Neue City südlich der Speicherstadt soll Hamburg attraktiver machen und die Hafenerweiterung in Altenwerder finanzieren  ■ Von Heike Haarhoff

Gewichtig blickte Henning Voscherau (SPD) am Mittwoch von seiner Kanzel im Großen Rathaussaal auf das Volk herab. Über ihm nur noch Himmel, Hafen, Kähne. Eine „historische Entscheidung“hatte er, der Erste Bürgermeister der Freien und Hansestadt Hamburg, feierlich kundzutun: Nach 100 Jahren künstlicher Trennung von City und Hafen soll die „Metropole am Wasser“wieder zusammenwachsen. Die Innenstadt, so verkündete er vor dem noblen Übersee-Club, wird in den Hafen hinein erweitert (siehe Bericht S. 5).

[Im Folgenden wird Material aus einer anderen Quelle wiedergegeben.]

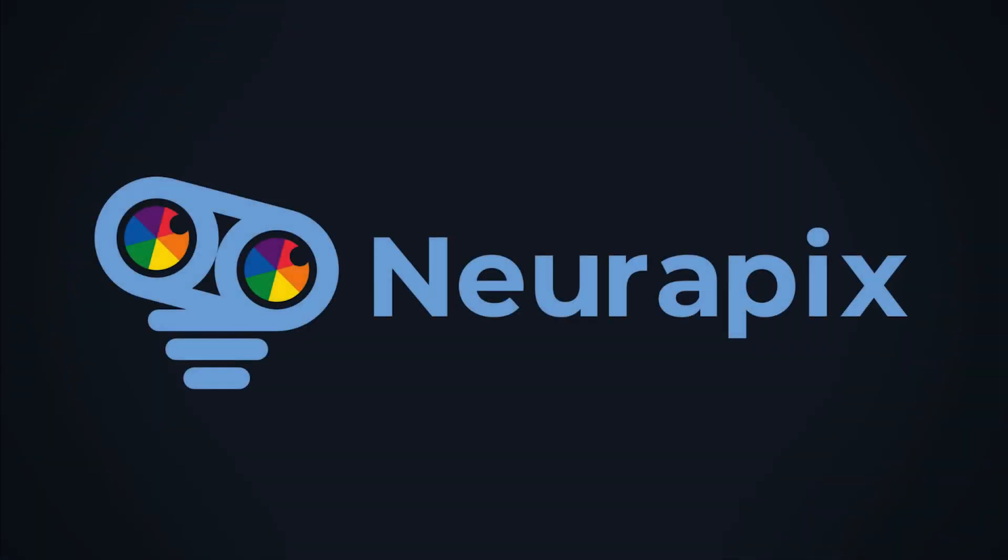Take your preset to the next level now and turn your editing marathon into a stroll.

Dazu sollen Kaimauern, Hafenbecken und -betriebe am innerstädtischen Hafenrand südlich der Speicherstadt stillgelegt und bis 2040 in ein Wohn- und Dienstleistungszentrum für „Medien, Tourismus und Kultur“umgewandelt werden. Auf daß, so Voscheraus „Vision“für das „Generationenprojekt“, die Hansestadt über einen attraktiven Stadtkern „mit hamburg-typischem Ambiente“verfüge. Und zudem ausreichend Flächen habe, um „die Entwicklungs-chancen aus EU-Erweiterung und Ostöffnung“nutzen zu können.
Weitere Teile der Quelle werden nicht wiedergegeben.